**Dataset content**
──────

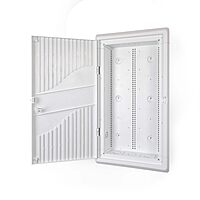 StarTech.com 28-Inch Wall-Mount Media Enclosure, Cable Management Box for Network Distribution, Structured Media Enclosure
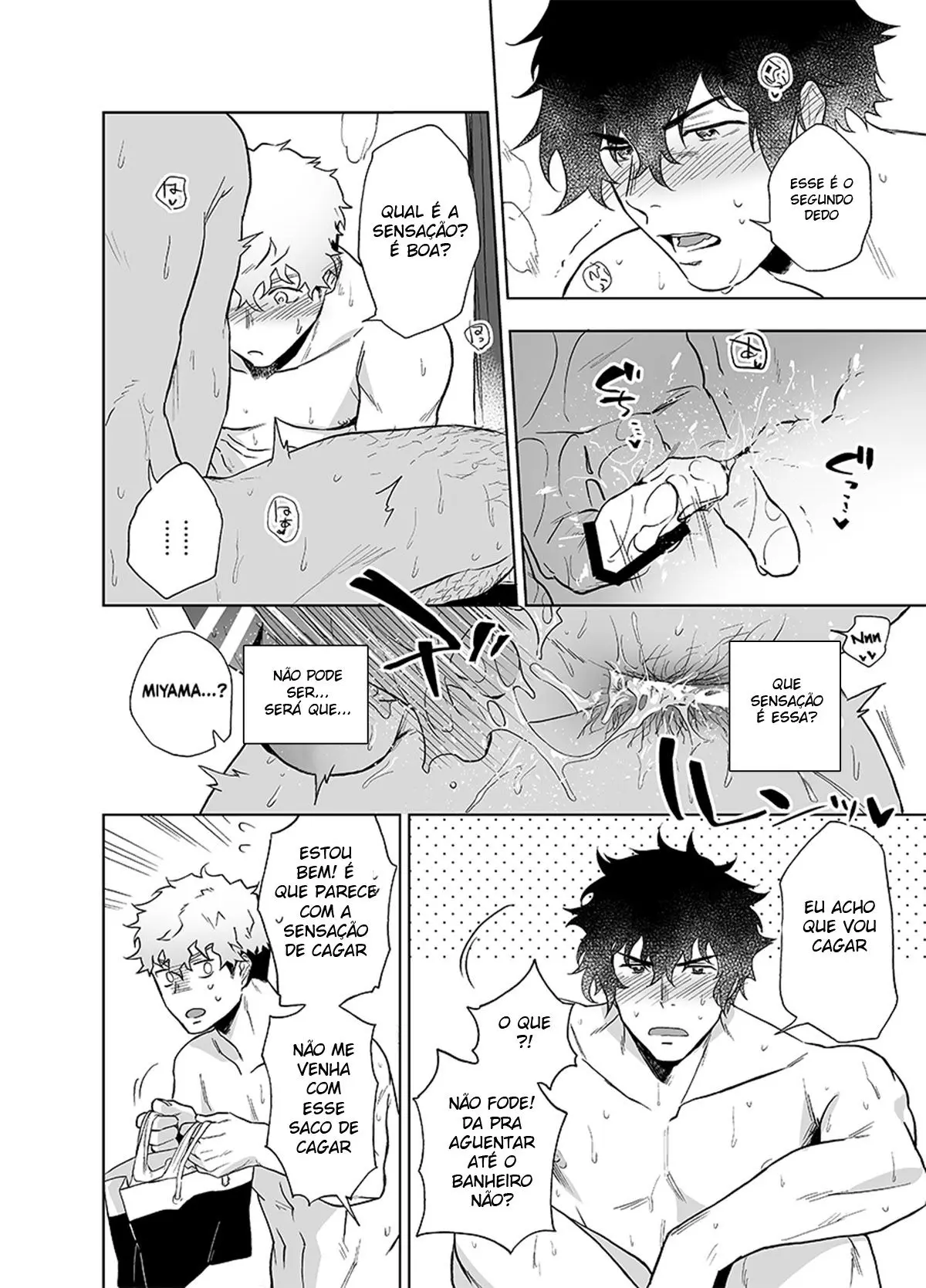 Bata Palmas Hentai – Página 15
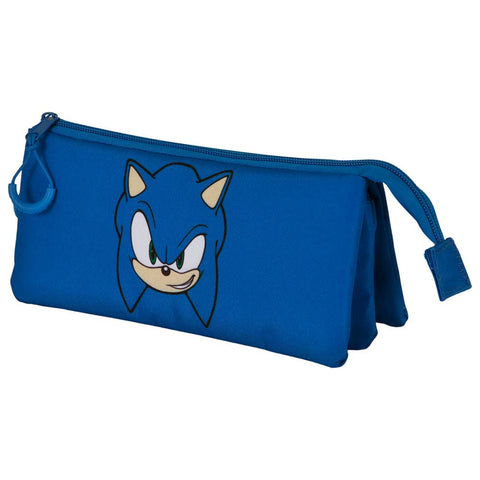 Estojo Triplo - Sonic Sight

──────

**Problem statement**
Every word of the data should be reproduced exactly; please omit any pictures.

**Solution to the problem**
 StarTech.com 28-Inch Wall-Mount Media Enclosure, Cable Management Box for Network Distribution, Structured Media Enclosure
 Bata Palmas Hentai – Página 15
 Estojo Triplo - Sonic Sight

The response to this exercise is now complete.